Catherine Naglestad (Brunnhilde) and Lance Ryan (Siegfried) receiving audience accolades 

Joyce DiDonato gave a lovely recital despite a bad cold; here taking a bow with her pianist David Zobel

The magnificent Brunnhilde of Nina Stemme receiving thunderous ovations after Immolation Scene
(All photos: Lawrence Lock)

The final installment was of course Goetterdammerung, arguably the most complex, technically and theatrically challenging of the tetralogy. It requires topnotch singers and a clear directorial vision to bring it off. Musically it succeeded in spades. I say that wholeheartedly by offering a personal testimonial of sorts. I suffered an unfortunate injury the day of the opera by running for the tram from the hotel to the National-theater. On that day, there was a detour due to the outdoor simulcast of the opera at Max-Joseph Platz. In my haste to catch the tram as fast as I could, I felt something rip in the back of my thigh. But missing the tram was not an option so I continued. I ended up with a huge rupture of my left hamstrings - as determined by an ultra-sound the following day - that left me hobbling for the rest of my Munich sojourn.  The idea of sitting through six hours of Goetterdammerung on the evening of having suffered this serious injury was rather agonizing, and it was.  But I can honestly say that the power of the Wagnerian score in the hands of Nagano and his orchestra, and of course the magnificent singing of the great cast made the ordeal actually quite bearable - I almost forgot the pain!  A baptism by fire to be sure, but it was worth it.  The next day, I developed a huge and scary hematoma, but that's another story... 

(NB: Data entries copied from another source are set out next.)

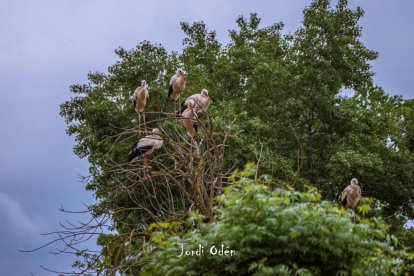 Arbres florits, camps verds i bon temps...ja és aquí la primavera!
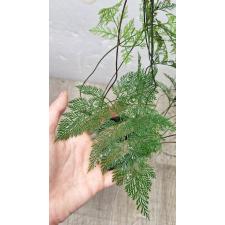 davallia fejeensis plumosa 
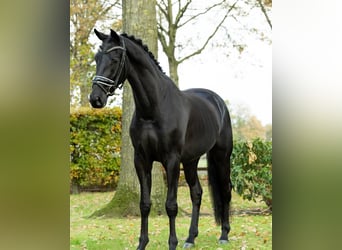 Hannoveraan, Ruin, 8 Jaar, 173 cm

This Goetterdammerung was a stylistic departure from the other three segments in that there is a physical set used to depict the Gibichung Hall. The time is "contemporary", the single set, a multilevel structure appears to depict a big business concern and symbols of the current European economic crisis are everywhere, none more prominent than the Euro currency symbol as a rocking horse, a mildly amusing touch. The characters are finely if rather idiosyncratically, drawn. Alberich is a cigar-liquor pilfering kleptomaniac; Gutrune a rich, spoiled princess; Waltraute a victim of obsessive compulsive disorder as indicated in the incessant rubbing of her leg.  Some of these touches worked while others didn't.  The Norn Scene, staged in what appeared to be the aftermath of a nuclear accident, has contemporary resonance, even if the yarn was deliberately broken by one of the Norns, sort of taking some of the magic away.  "Money and Power Corrupt" is underscored by Kriegenburg, especially in the individual characterizations, like Alberich, Hagen, Gunther and Guturne. Hagen's call of the vassals brings forth not a cadre of warriors but a group of mobile-wielding suits, but once the novelty had worn off, it got tedious - how many cellphone salutes do we need?  Also less than convincing is the transformation of Guturne from a willful and glamorous socialite to a grieving widow. In Kriegenburg's vision, Gutrune has a more important role than in any previous productions I have seen, a bit too contrived and undeserving in my book. She's really the only Gibichung survivor, together with the "masses" at the end.   In fact, I find the denouement profoundly unimaginative and unsatisfying, as if Kriegenburg was running out of ideas. . 

At the end of the day, the most satisfying aspect of this Goetterdammerung was musical. Top vocal honours went to soprano Nina Stemme, who is the Brunnhilde of one's dreams today. This Swedish soprano is unquestionably the most astounding Brunnhilde since her countrywoman Birgit Nilsson - Stemme has an equally voluminous soprano but a warmer sound.  I was sitting in the seventh row in the middle of the orchestra, and at times my ears were ringing.  Her finely detailed characterization and dramatic intensity were astounding. Stephen Gould as the mature Siegfried matched her note for note, even if his delivery was excessively stentorian and lacked the lyricism of Lance Ryan. A late replacement, Eric Halvarson was a creditable Hagen, impressive in his Horn Call. Anna Gabler was an excellent Gutrune vocally and visually. Nagano's coaxed glorious sounds from the orchestra, in a well paced reading of the score. He, the orchestra and the soloists deservedly received repeated vociferous ovations from the appreciative audience.